5. Não perder a esperança

Os desafios que a gente enfrenta na sociedade e na Igreja muitas vezes criam em nós um sentimento de impotência e descrença na possibilidade de mudança que gera desânimo e desmobilização. Sem esperança ninguém se mobiliza para a mudança. Mas o ser humano é um ser aberto e em construção. Nunca está pronto. Nada nesse mundo é definitivo. Por isso, a esperança sempre brota. Renasce de onde menos se espera. E o fundamento e a fonte de tudo isso é o Espírito de Deus, pelo qual tudo foi criado, que age na vida das pessoas e na história humana, que renova, sempre de novo e a partir de baixo, a face da terra. Ao dito popular “a esperança é a última que morre”, recorda poética e profeticamente Pedro Casaldáliga: “se morrer, ressuscita”. Somos “povo da Páscoa”, povo da Esperança: “esperança do verbo esperançar”; esperança ativa, comprometida, militante; esperança teimosa e perseverante; esperança alimentada nos pequenos passos, no “inédito possível”; esperança processual e a caminho do Reino definitivo...

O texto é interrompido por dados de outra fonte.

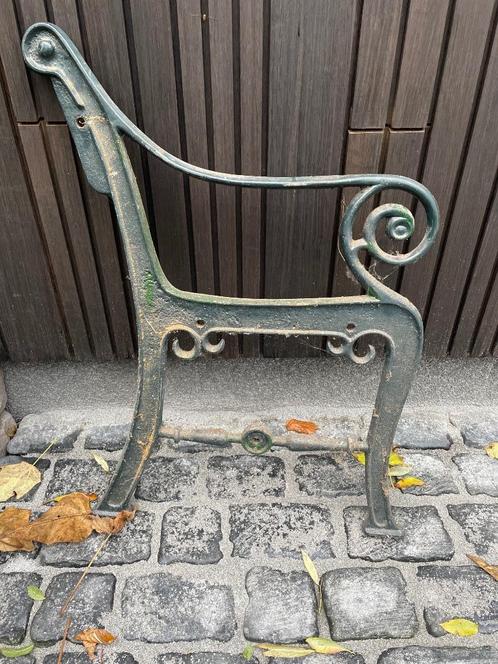 gietijzeren tuinbank, onderstel, + 2 sets stoel of bank, Tuin en Terras, Tuinbanken, Gebruikt, Metaal, Ophalen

Tudo isso é muito importante para fortalecer/revitalizar/revigorar o jeito de ser Igreja das comunidades eclesiais de base e enfrentar os desafios que encontramos no dia-a-dia em nossas comunidades, no conjunto da Igreja e na sociedade: Sempre nos passos de Jesus, na força do Espírito, em companhia dos profetas e mártires da caminhada, a serviço dos pobres e marginalizados em suas lutas por direitos e no cuidado da casa comum, a caminho do Reino definitivo de Deus...

Francisco de Aquino Júnior - Presbítero da Diocese de Limoeiro do Norte – CE; professor de teologia da Faculdade Católica de Fortaleza (FCF) e da Universidade Católica de Pernambuco (UNICAP).